Sri Lankan insurance broker accuses state body of engaging foreign firm with bribery record



A significant controversy is brewing in Sri Lanka’s insurance sector as Strategic Insurance Brokers (SIB), a local firm, has accused the National Insurance Trust Fund (NITF), a state body, of awarding a reinsurance contract to a foreign broker with a documented history of high-profile bribery. 

In a strongly-worded press release, SIB has alleged that such foreign entities are being welcomed into the Sri Lankan market without being required to adhere to the domestic laws and regulations, creating an uneven playing field for the local companies.
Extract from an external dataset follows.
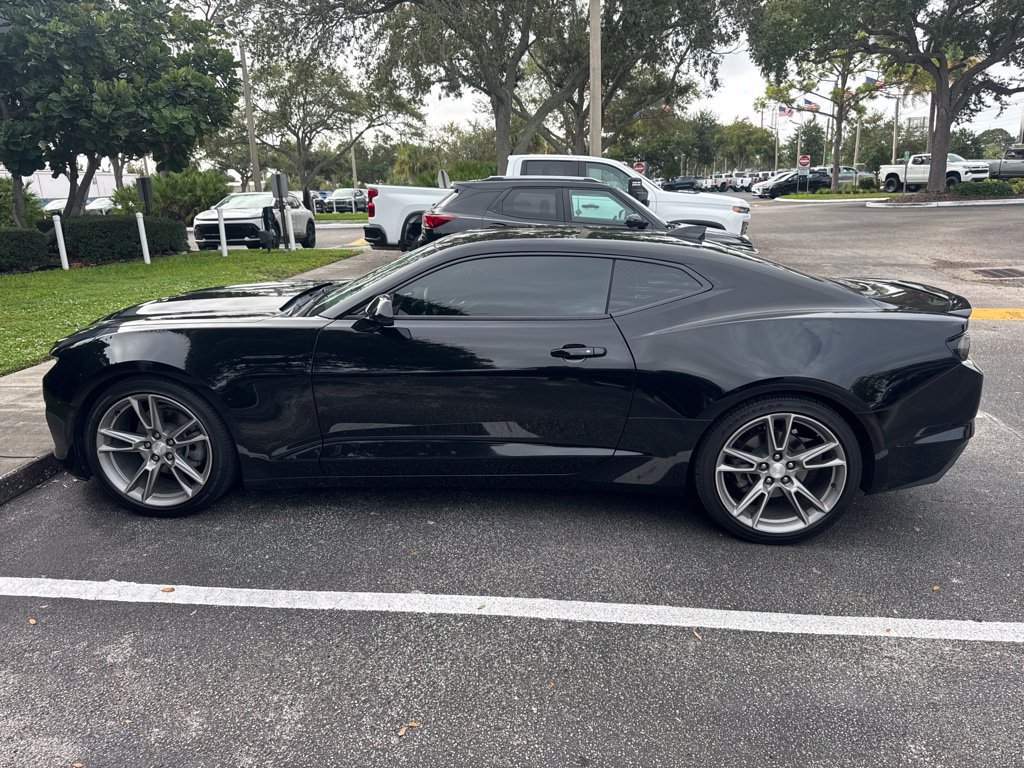 Used 2022 Chevrolet Camaro LT w/ RS Package RWD image 7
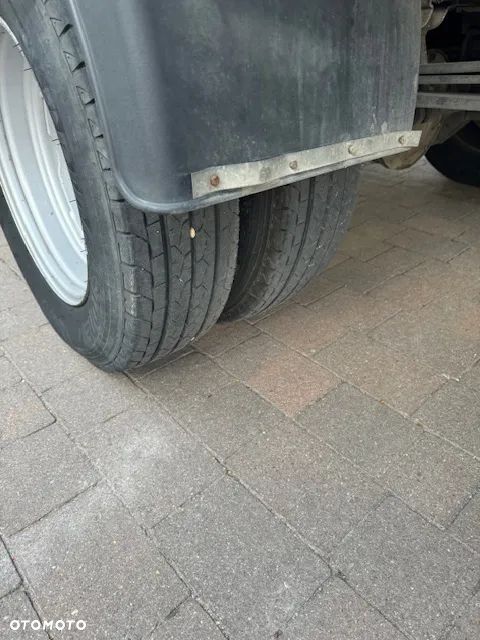 Mercedes-Benz Sprinter - 14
The allegations centre around the recent awarding of a contract by the NITF to Tysers, a UK-based insurance broker. According to SIB, this decision is shocking, particularly in light of a recent case involving Tysers and the United States Department of Justice (DOJ). 
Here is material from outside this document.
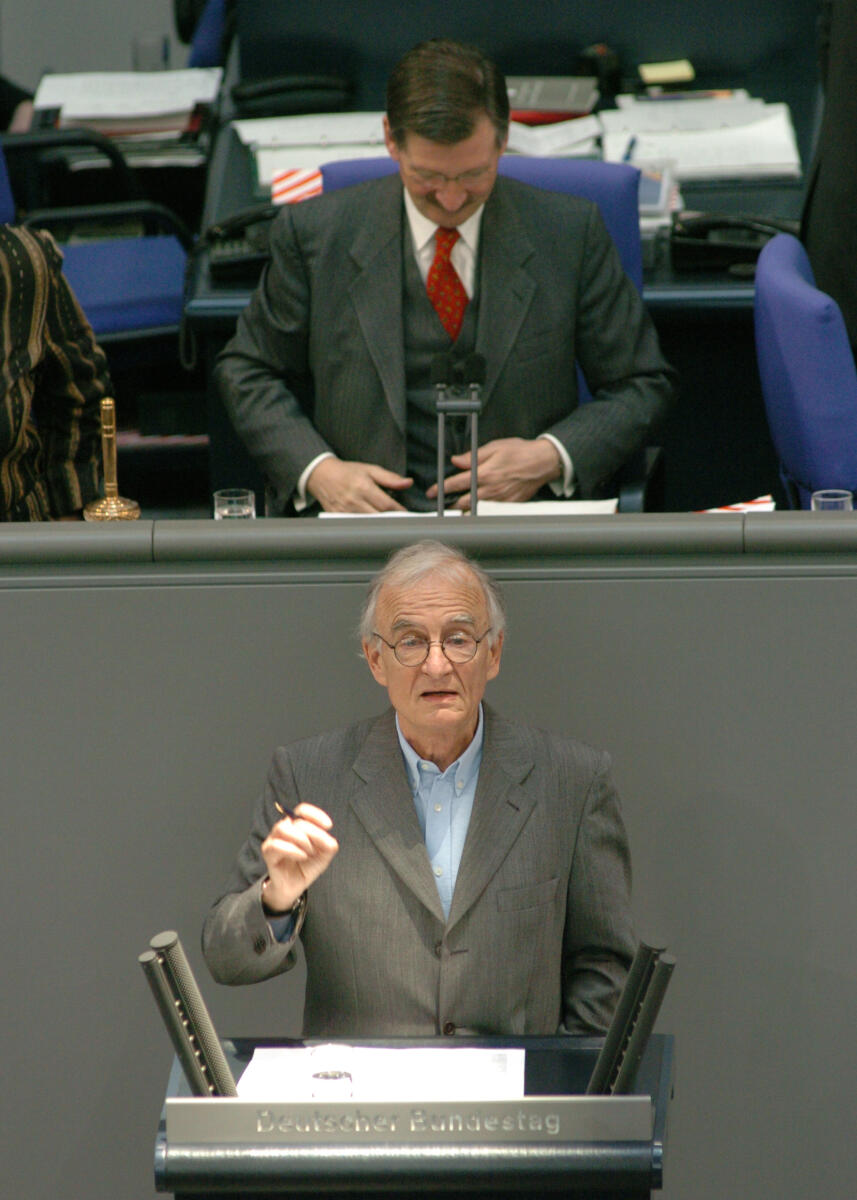 Paech, Norman; Solms, Hermann Otto Prof. Norman Paech, MdB, DIE LINKE., Rede, Deutscher Bundestag, 14. Sitzung, ZP2, Thema: Auseinandersetzung um das iranische Atomprogramm. Vorsitz: Bundestagsvizepräsident Dr. Hermann Otto Solms, FDP.; Rednerpult.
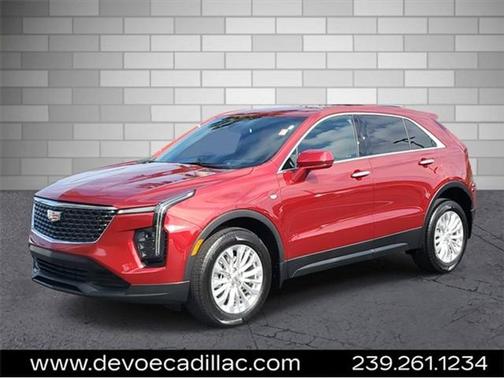 2024 Cadillac XT4 Luxury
In February, the DOJ announced that Tysers had agreed to a settlement after being charged with paying millions of dollars in bribes to government officials in Ecuador to secure and retain the insurance business. The company agreed to pay a substantial fine and forfeit assets to resolve the bribery charges.

SIB’s press release highlights what it terms a “zero tolerance” policy towards bribery and corruption by the current government, questioning the wisdom of engaging a firm with a tainted record. 
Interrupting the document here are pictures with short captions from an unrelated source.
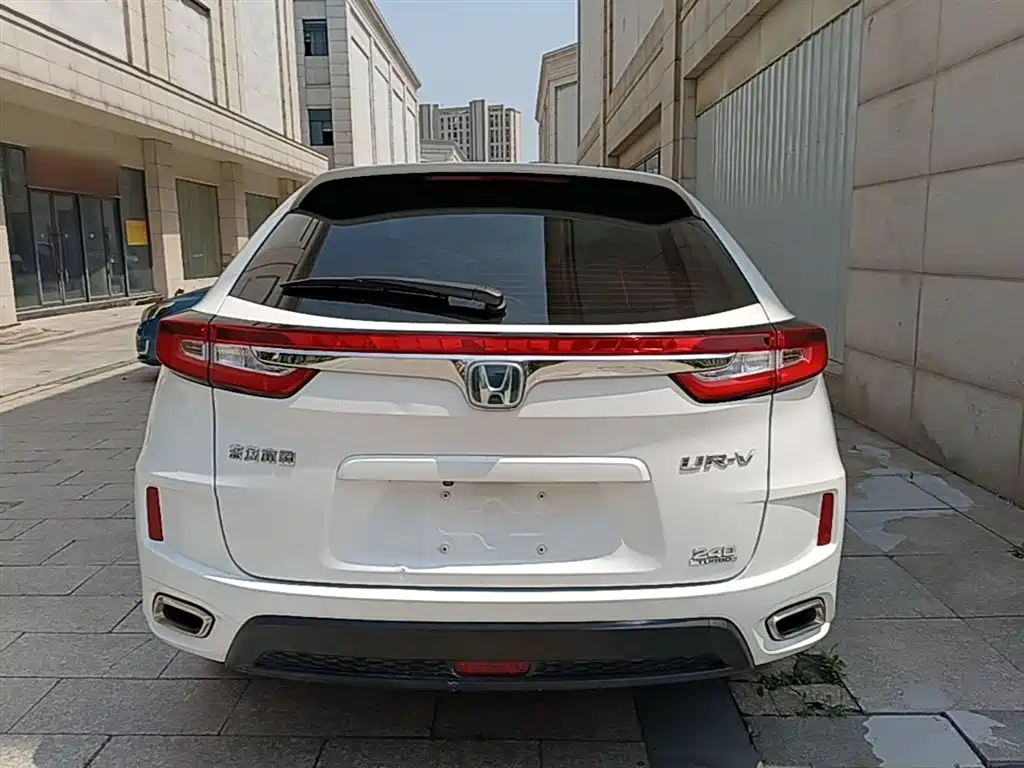 Honda UR-V 240 TURBO 2 WD Classic CN-VI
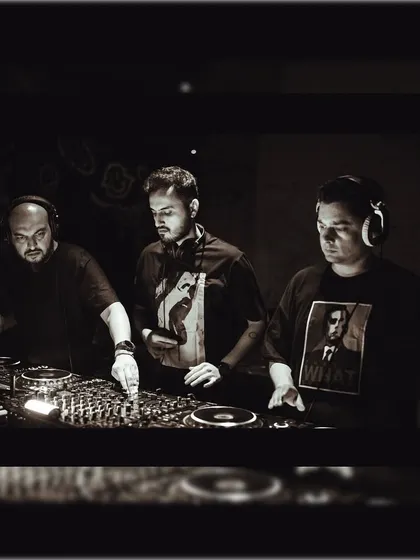 A moment captured during an intense B2B session. I thrive on the creative energy of collaborating with other artists, building a seamless, extended musical narrative together.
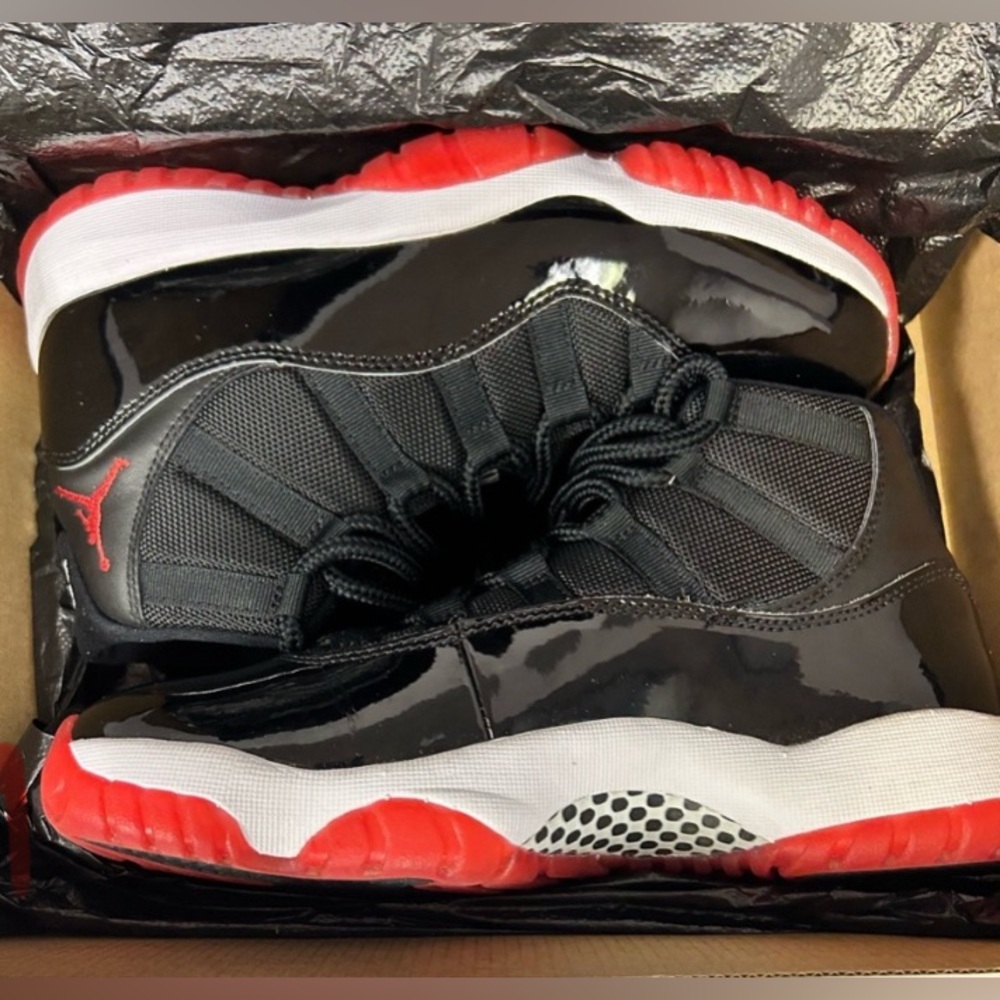 Jordan 11s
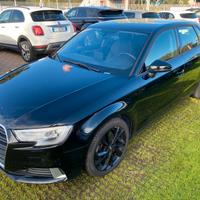 AUDI - A3 - SPB 1.6 TDI S tronic Sport - NEOPATENT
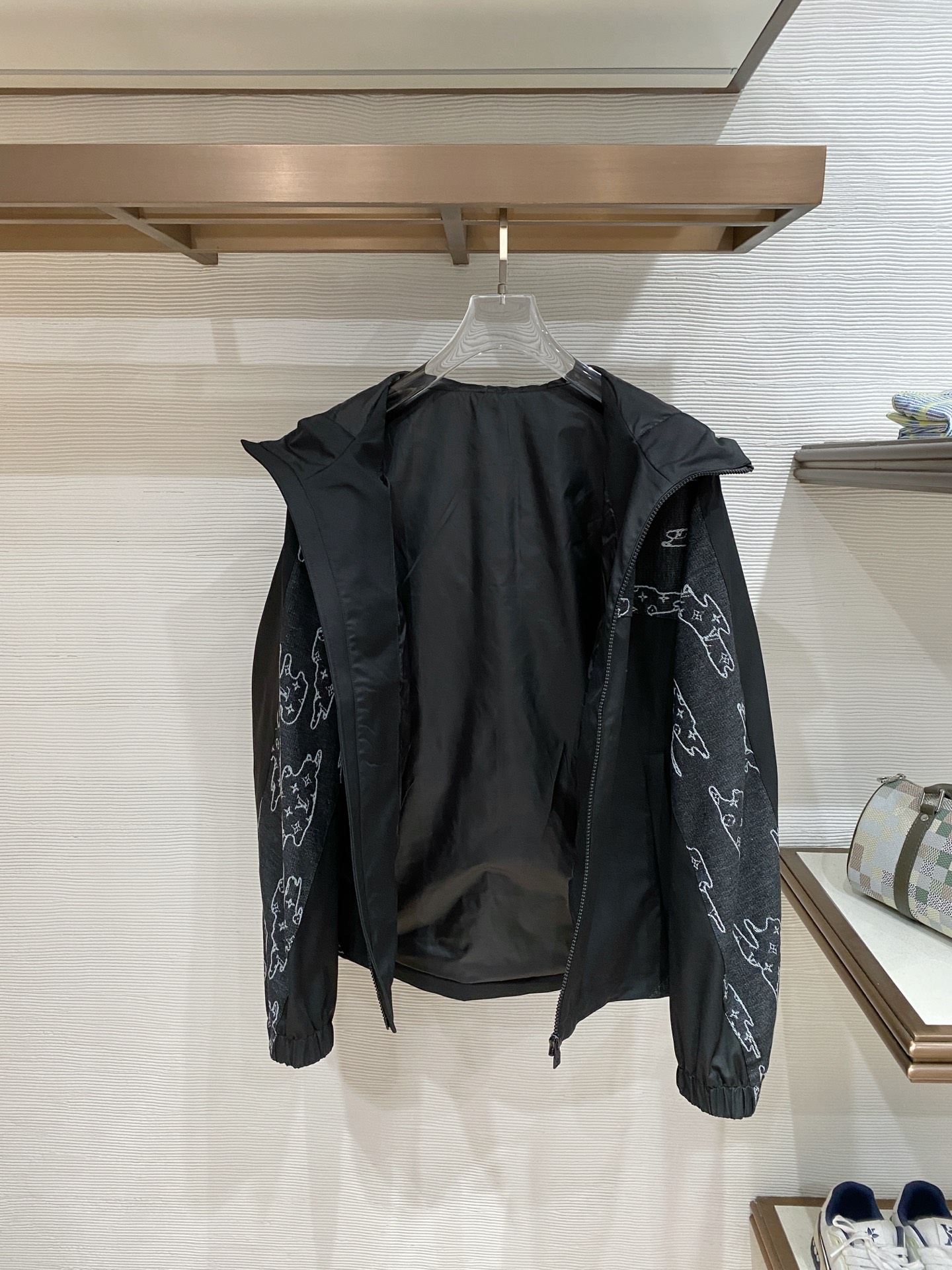 LV 2026ss春季新款夹克外套全高端版本！高定专柜面料辅料，透气舒适度高，细节无可挑剔，做工考究工艺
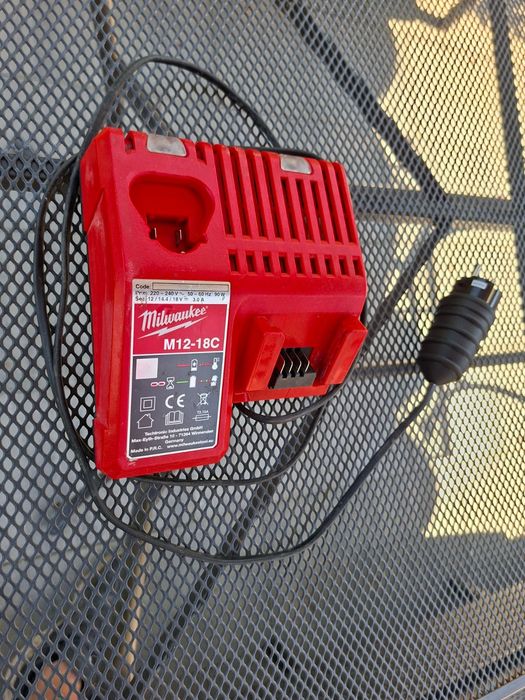 Milwaukee M12-18C – Ładowarka do akumulatorów M12 i M18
“In bribery and corruption, it is well spelled out that there is always a perpetrator and a receiver or beneficiary,” the statement reads, quoting a prominent promoter of transparency and good governance. 

“In a regime that has a zero-tolerance policy toward bribery with commitment to bring to book and penalise the receivers of bribes, they should take constructive action to prevent and prohibit the bribers.”

The local brokerage firm claims to have filed a formal complaint with the Commission to Investigate Allegations of Bribery or Corruption in Sri Lanka regarding this matter. Furthermore, SIB states that appeals have been made to the president and prime minister, who have reportedly assured that an investigation is underway.

A key contention in SIB’s argument is the assertion that foreign brokers are not being held to the same regulatory standards as their Sri Lankan counterparts, including registration with the Insurance Regulatory Commission of Sri Lanka (IRCSL). They argue that this exemption from local laws, taxation and regulatory costs puts domestic firms at a significant disadvantage.

However, the issue of registration for foreign reinsurance brokers appears to be a point of legal contention. A recent ruling by the High Court of Civil Appeal reported just last week stated that foreign reinsurance brokers, who conduct their business from outside the territorial waters of Sri Lanka, do not fall under the purview of the Regulation of Insurance Industry Act and are therefore not required to register locally. This judgment was delivered in a case that also involved Tysers and SIB, with the court ruling in favour of the foreign broker.

SIB, in its press release, alludes to previous court rulings that have affirmed the necessity of registration for foreign brokers operating in Sri Lanka. The firm also mentions a clear opinion from the Attorney General and guidelines from the IRCSL that support their stance.

The controversy also raises questions about the validity of reinsurance contracts arranged by unregistered foreign entities. SIB has warned that such agreements could be deemed void, potentially leaving the NITF and by extension the Sri Lankan public, exposed to significant financial risk in the event of a large-scale claim, particularly for crucial areas like civil riots and terrorism coverage.

As of now, there has been no official public statement from the NITF or Tysers addressing the specific allegations raised in SIB’s latest press release.